String break

Problem description:

Given a String and a dictionary of words, write a program that returns true if the given string can be formed by concatenating one or more of the words in the dictionary, eg.

Given the string S = “algorithmstuff”

and the dictionary dic = {“algorithm”, “stuff”}

Our function must return true since S can be formed by concatenating “algorithm” + “stuff”

but given S = “algorithmstuffisgood”

and dic = {“algorithms”, “good”, “stuff”} must return false since there’s no way to build S from the strings in the dictionary.

Solution

This is a very good problem for a programming interview since it has one “lazy solution” which is very inefficient but it can be converted to a very fast algorithm with just a simple modification, so you could think about the most obvious solution even if it’s slow and once you got a working solution you can think about how to improve it.

This problem is clearly a good candidate for a recursive solution, for each recursive call the idea is to start checking if the first character is in our dictionary, if so, we call the function recursively but now with string S starting with the next character, otherwise we check if the first two characters form a valid word and so on, for instance:

S = “hithere”

dic = { “there”, “hi”}

We start with the string “hithere” at index 0, so we check if the substring “h” is a valid word, since it’s not we continue now with the next character which is “i”, now we check if the substring “hi” is a valid word in the dictionary, it is so we know that “hi” can be formed by concatenating one or more words of the dictionary so we now call the function recursively but starting with the next index which is 2, so now we are gonna have the same function with the substring “there”, we are gonna stop when we reach the end of the string S.

This is basically a DFS algorithm (http://en.wikipedia.org/wiki/Depth-first_search) , here the code:


public boolean stringBreak(String s, Set<String> dict) {
    return dfs(s, 0, dict);
}
boolean dfs(String s, int i, Set<String> dict)
{
    if(dict.contains(s.substring(i)))
        return true;

    for(int j = i; j < s.length(); ++j)
        if(dict.contains(s.substring(i, j + 1)))
            if(dfs(s, j + 1, dict, set)) return true;

    return false;
}

The solution above works! but it’s too slow since there are many overlapping calls (it does the same thing many times), let me show you with an example:

let’s say we have the string S = “helloworld”

and dict = {“he”, “e”, “h”}

Our recursive function is gonna build a tree like this:


                       helloworld

                   /                \

           h-elloworld           he-lloworld

                |

           e-lloworld

As you can see the substring “lloworld” is gonna be computed two times and the result is gonna be the same, the problem here is that we could end up with too many overlapping calls which would be a waste of time.

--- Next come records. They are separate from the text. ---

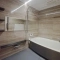 【埼玉県/さいたま市大宮区吉敷町】THE　OMIYA　TOWERS 浴室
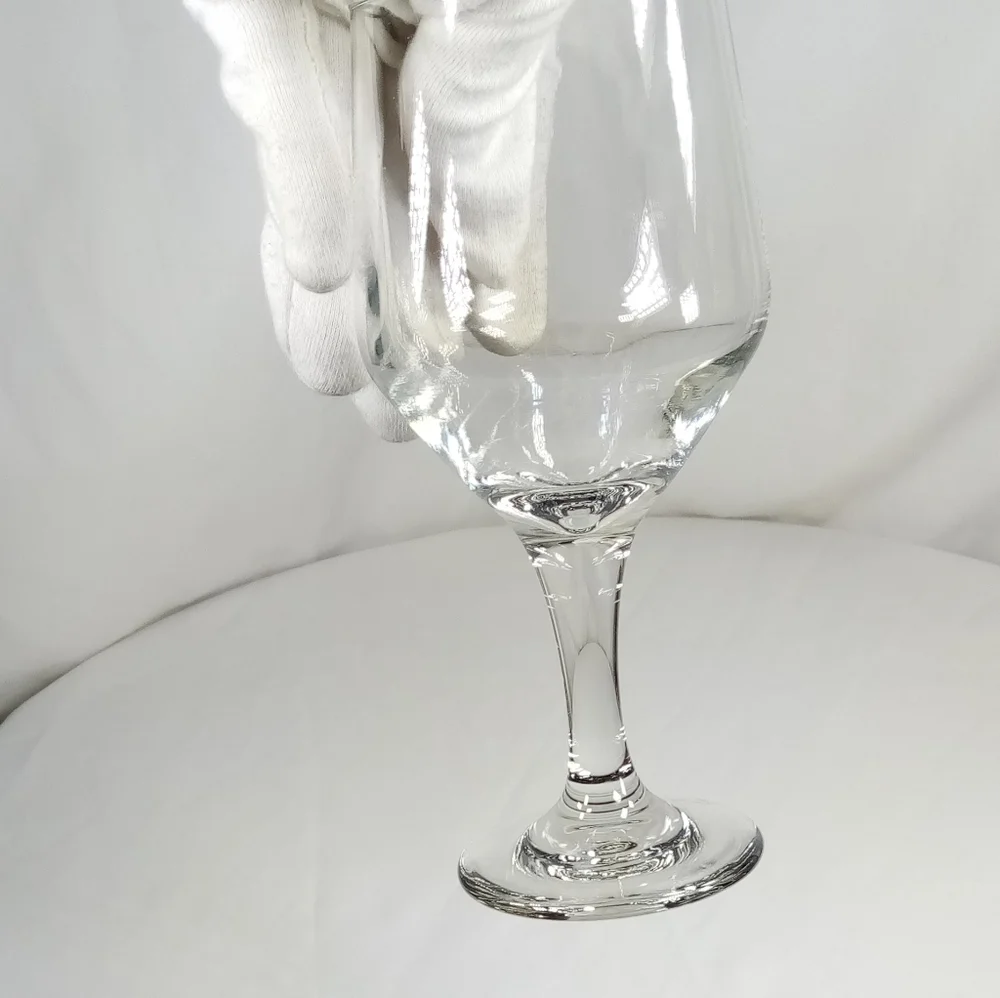 Libby Glass Co 11oz Clear 7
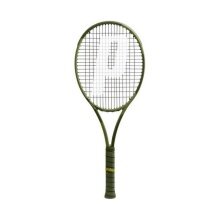 Prince Tennis Racket Phantom 100X TeXtreme Zylon 100in/320g/18x20/Tournament 2024 green - unstrung -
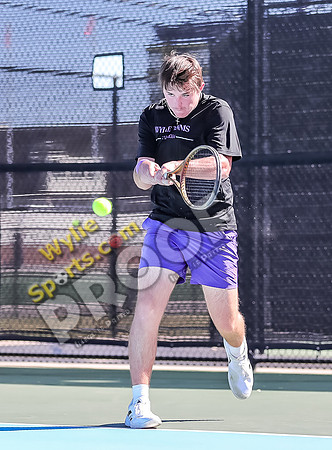 10-17-23 Wylie vs Lubbock Cooper Tennis RK-283-2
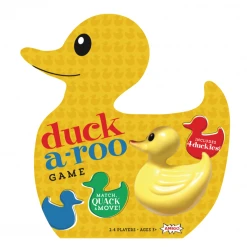 AMIGO Board Games Duck-A-Roo
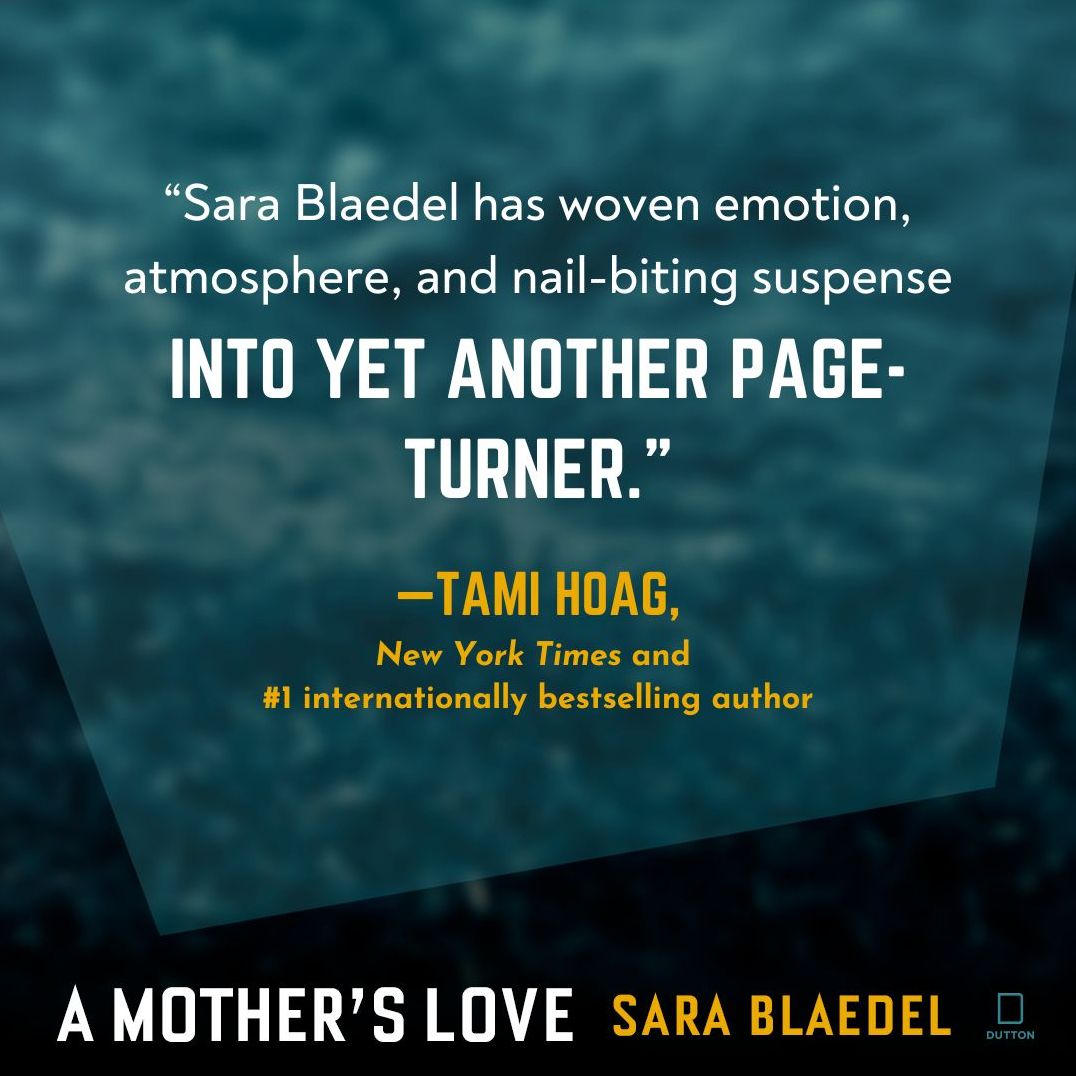 A Mother's Love: A Novel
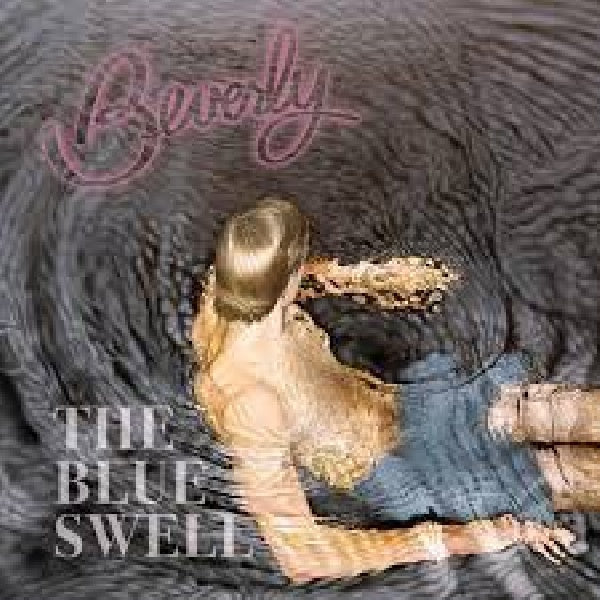 Beverly - Blue swell (CD) - Discords.nl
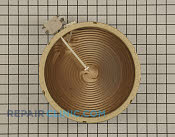 Radiant Surface Element - Part # 1197302 Mfg Part # 316465001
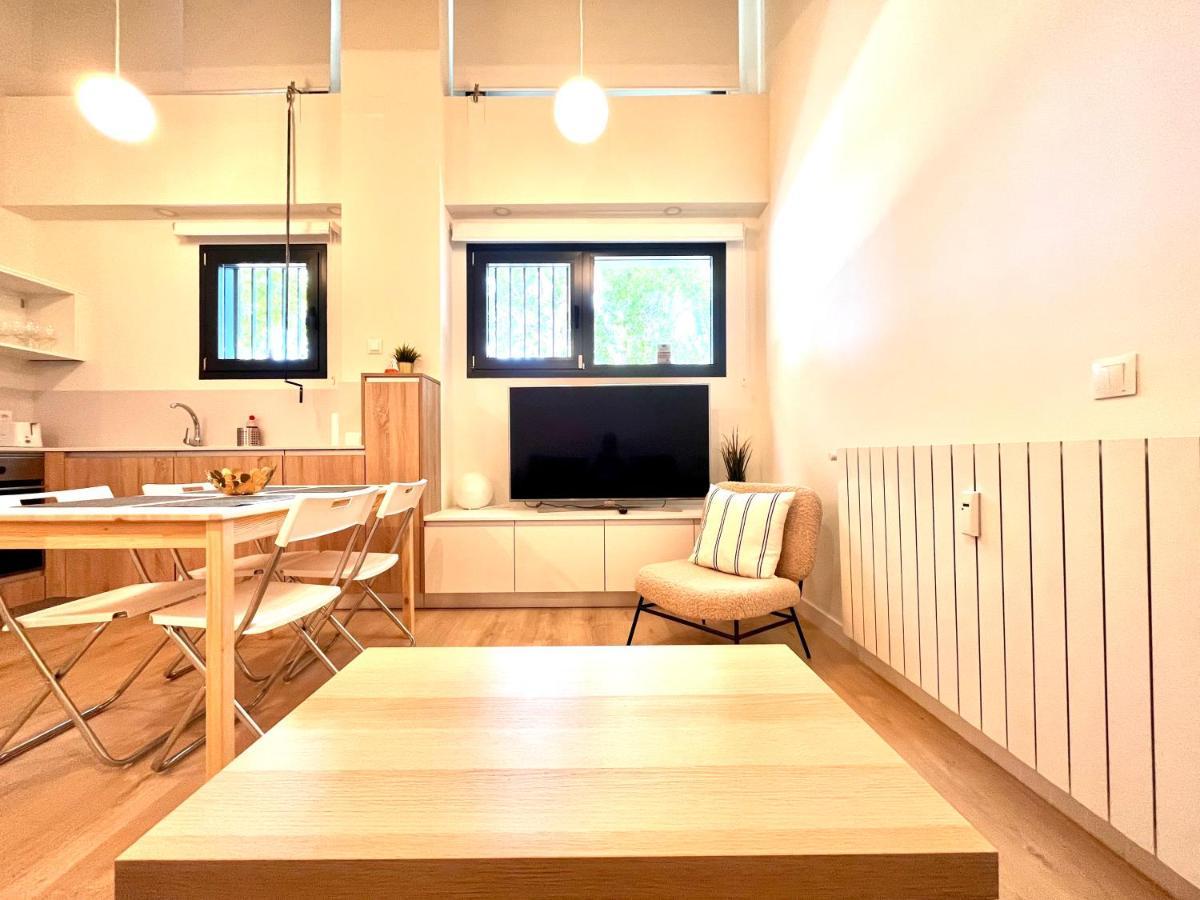 The Ventas Whim. Apartment Мадрид Екстериор снимка
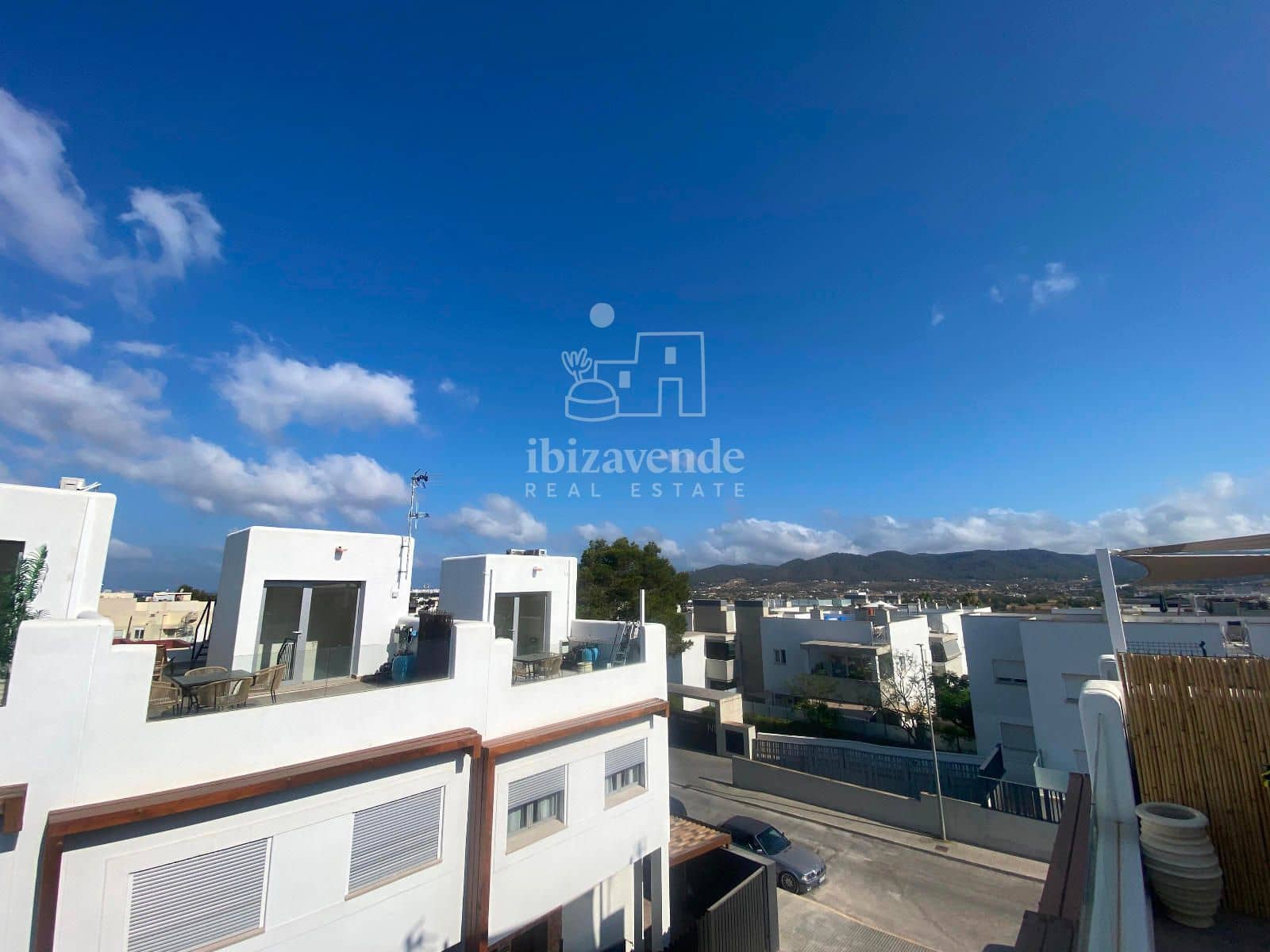 3 bedroom Townhouse for rent in Sant Antoni de Portmany with pool garage - € 9,500 (Ref: 9086084)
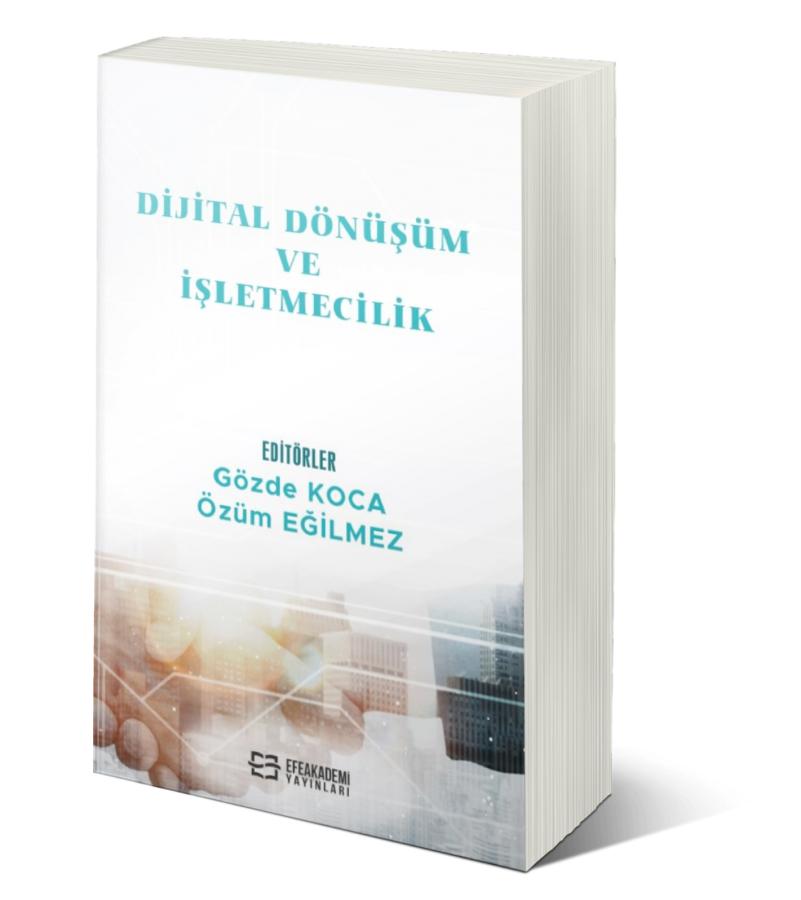 Dijital Dönüşüm ve İşletmecilik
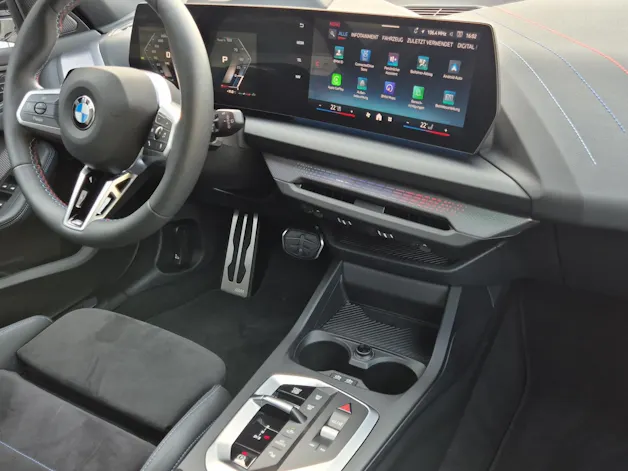 BMW M135 xDrive M Sport Pro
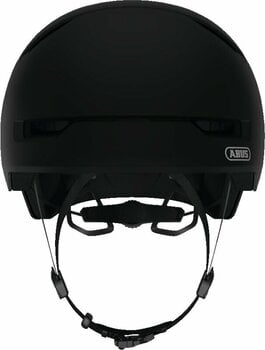 Cyklistická helma Abus Scraper 3.0 Velvet Black M Cyklistická helma - 2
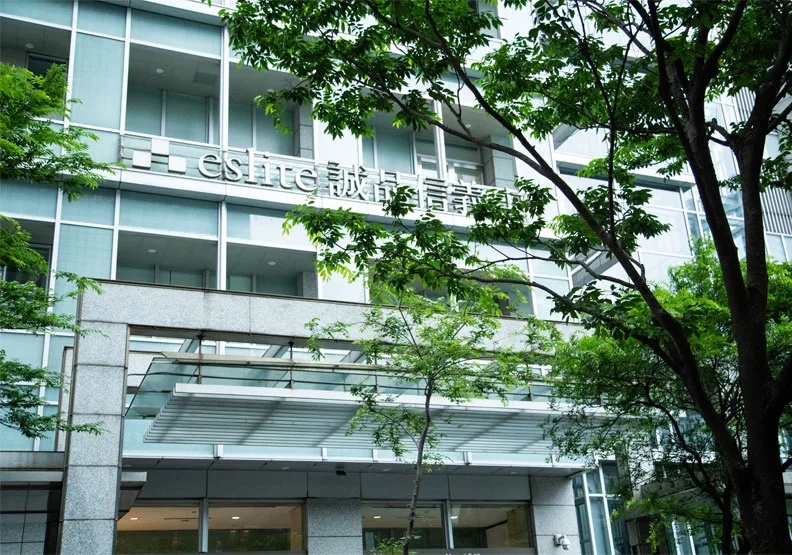 誠品信義店的續約之戰，看來已正式開打。圖／誠品信義店。池孟諭攝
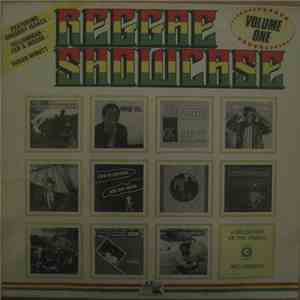 Various - Reggae Showcase Volume One
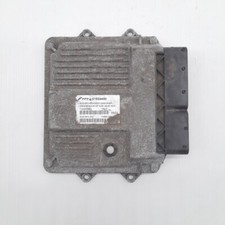 Centralina motore 51854480 usato  Monza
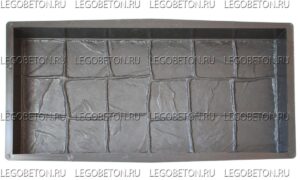 3.010. Форма "Барселона" — изображение 1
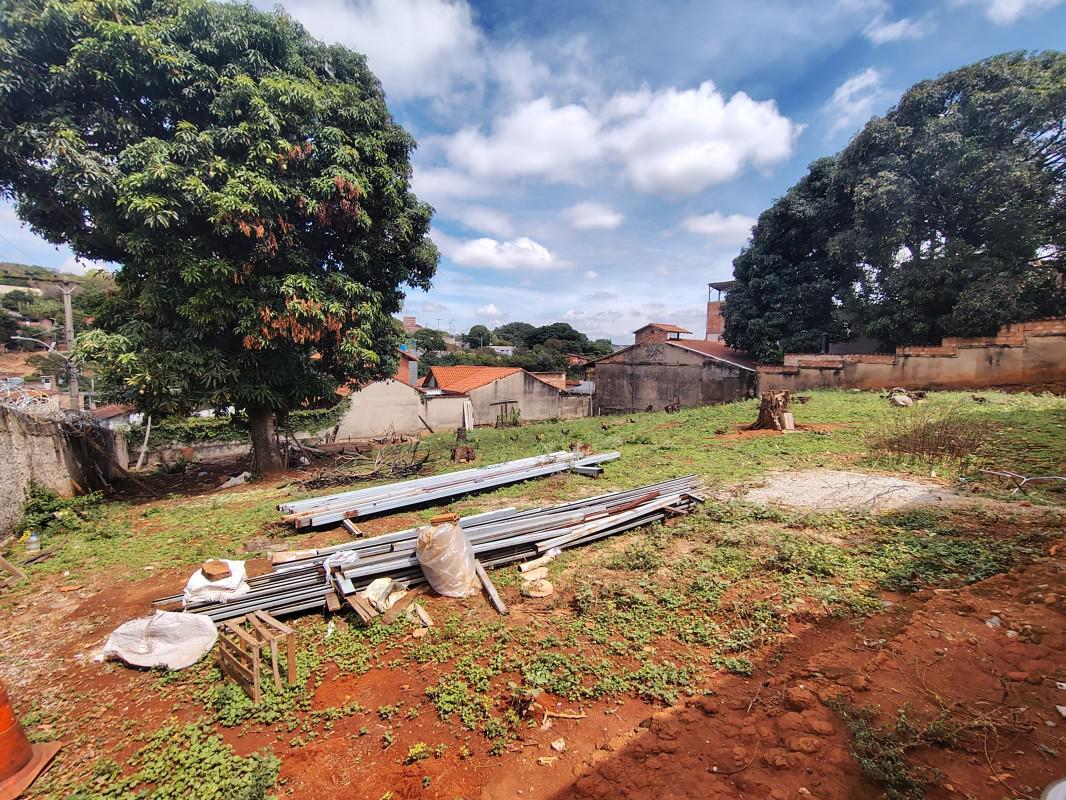 Lote, Salgado Filho, 0 Quarto, 0 Vaga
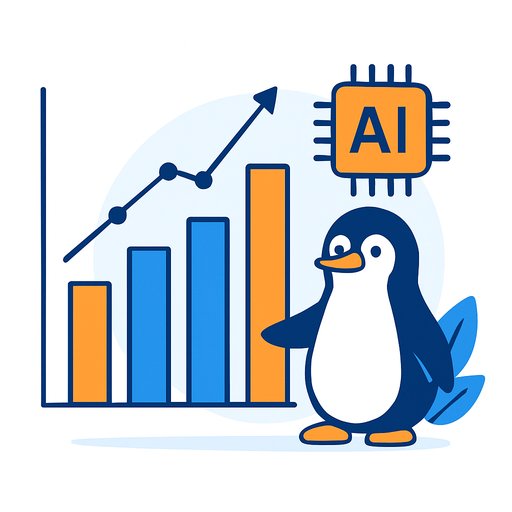 Penguin Solutions Q4 tops estimates as enterprise and sovereign AI growth, memory gains offset LED softness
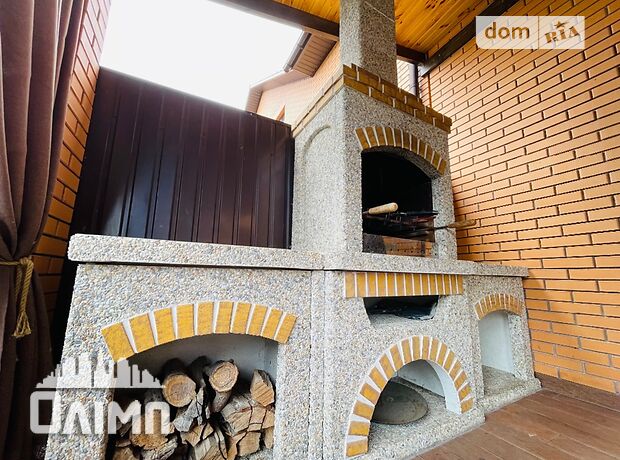 двухэтажный дом с камином, 135 кв. м, кирпич. Продажа в Виннице район Барское шоссе фото 1 двухэтажный дом с камином, 135 кв. м, кирпич. Продажа в Виннице район Барское шоссе фото 1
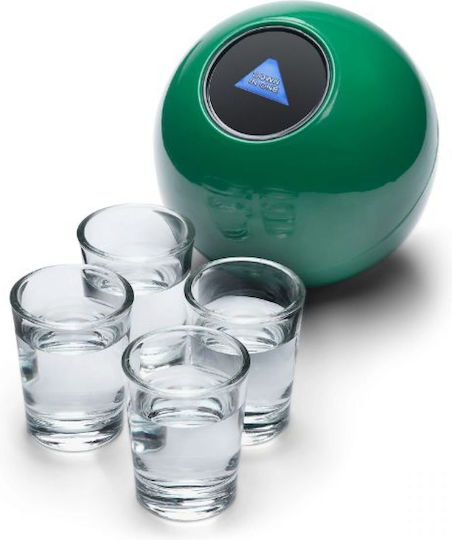 Mystery 8 Ball Игра за Пиене Source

So, how can we avoid overlapping calls?

The solution is to have a record of which substrings we have already computed so that when our function is called again for the same substring we already know the answer, this technique is called MEMOIZATION (http://en.wikipedia.org/wiki/Memoization), Here is the code that shows this optimization.


public boolean stringBreak(String s, Set<String> dict) {
    HashSet<Integer> memo = new HashSet<Integer>(); // We just need to keep track of those indexes that we have already computed and the result is false
    return dfs(s, 0, dict, memo);
 }
 boolean dfs(String s, int i, Set<String> dict, HashSet<Integer> memo)
 {
     if(dict.contains(s.substring(i)))
         return true;
     if(memo.contains(i)) // if we have already computed the result for this substring we just return the answer
         return false;
     //otherwise, compute the answer for this substring
     for(int j = i; j < s.length(); ++j)
         if(dict.contains(s.substring(i, j + 1)))
             if(dfs(s, j + 1, dict, set)) return true;

     //we just store the results for substrings which result is false
     memo.add(i);
     return false;
 }